How to say yo mama in Austrian

I got my hair cut yesterday. I could write an entire post about getting my hair cut, couldn’t I, but that’s not what this is about. I could also write an entire entry about how I am deaf at the hair place — the whirring implements, the stereo going, the people talking, the nasty acoustics in the room, which is in an old building with arched ceilings and meter-thick walls — and how my inability to hear conversation in that room, combined with the unfamiliar accents of both the stylist (from the Austrian province of Burgenland) and the apprentice (from Macedonia originally, speaks great German, but with a slightly unfamiliar accent) leads to my seeming stupid due to numerous nonsequiturs etc. But that is not what I meant to write about, nor about how although my wife said nice things about the haircut when I got home, and I liked it, Gamma made gagging sounds and said “you look like Ken! Only with grey hair. The Barbie Ken.” She has a gift for cutting to the quick of the heart of any situation. Beta said, when she saw me later, “you get your hair cut?”

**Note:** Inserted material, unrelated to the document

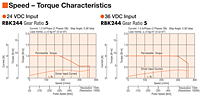 Speed - Torque Characteristics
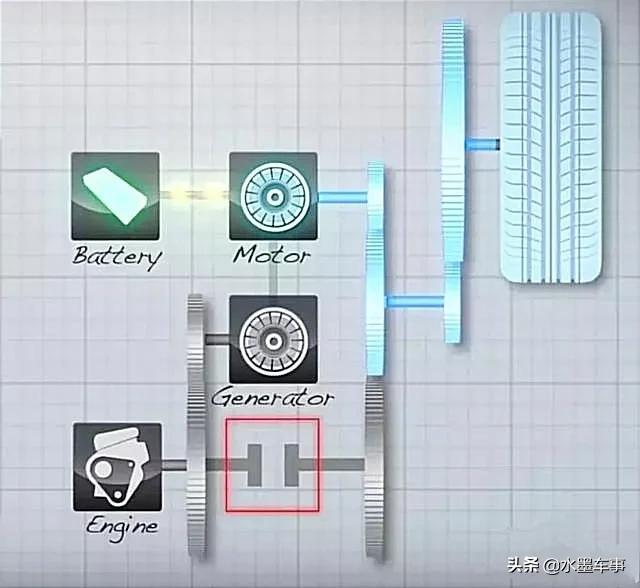 汽车的双擎是什么意思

What I wanted to talk about was, after parking my car and on my way to the little machine to buy a little slip of paper that said how long I was allowed to park on the street, I saw K. riding towards me on his bicycle.

K. I love. He is this guy in what, his sixties, very trim grey hair, trim artistic-looking goatee, always nattily dressed. He is a musician (violin? or cello? Not sure.) and a music-lover, a music maven, full of anecdotes about various composers and musicians of his acquaintance and always a story about some concert he just saw. He has commissioned compositions before, paid composers to write stuff for him, that sort of thing.

“Hi, K.,” I said.
“Hello there,” he said, stopping his bike. We shook hands. He asked me how I was. I wasn’t sure (after a day in the office I am often not sure), so I just asked him how he was instead of giving him an answer.
“Oh, just got back from Salzburg,” he said. “Saw [some opera, maybe Don Giovanni] there, and a couple other things.”
This is where, in the past, he has always gone into detailed description and analysis of the performance. But this time, I said:
“Oh, that’s really nice. My wife just saw Mitridate there. We had a cellist friend in the orchestra.”
That was the first time anything I’d said had impressed K. He always wears this mask of congenial, cultured gentlemanliness, but that was briefly replaced by pure enthusiasm.
“I’ve heard that was really good!” he said. “That was a real event!”
He couldn’t think of anything more to say after that, because he is used to topping whatever you say, and he had nothing to beat that.
He rode off and I went and put the little slip of paper on my dashboard and went and got my hair cut.
First, though, I wandered around a little, because I still had 15 minutes to kill before my appointment. The bookstore/CD shop smelled too musty so I left there after 5 minutes. I walked around outside in the semi-sunshine like a cop killing time before the end of his shift, idly twirling my-wife-just-saw-Mitridate like a billy club, back and forth, waiting for someone else to ask me how I was.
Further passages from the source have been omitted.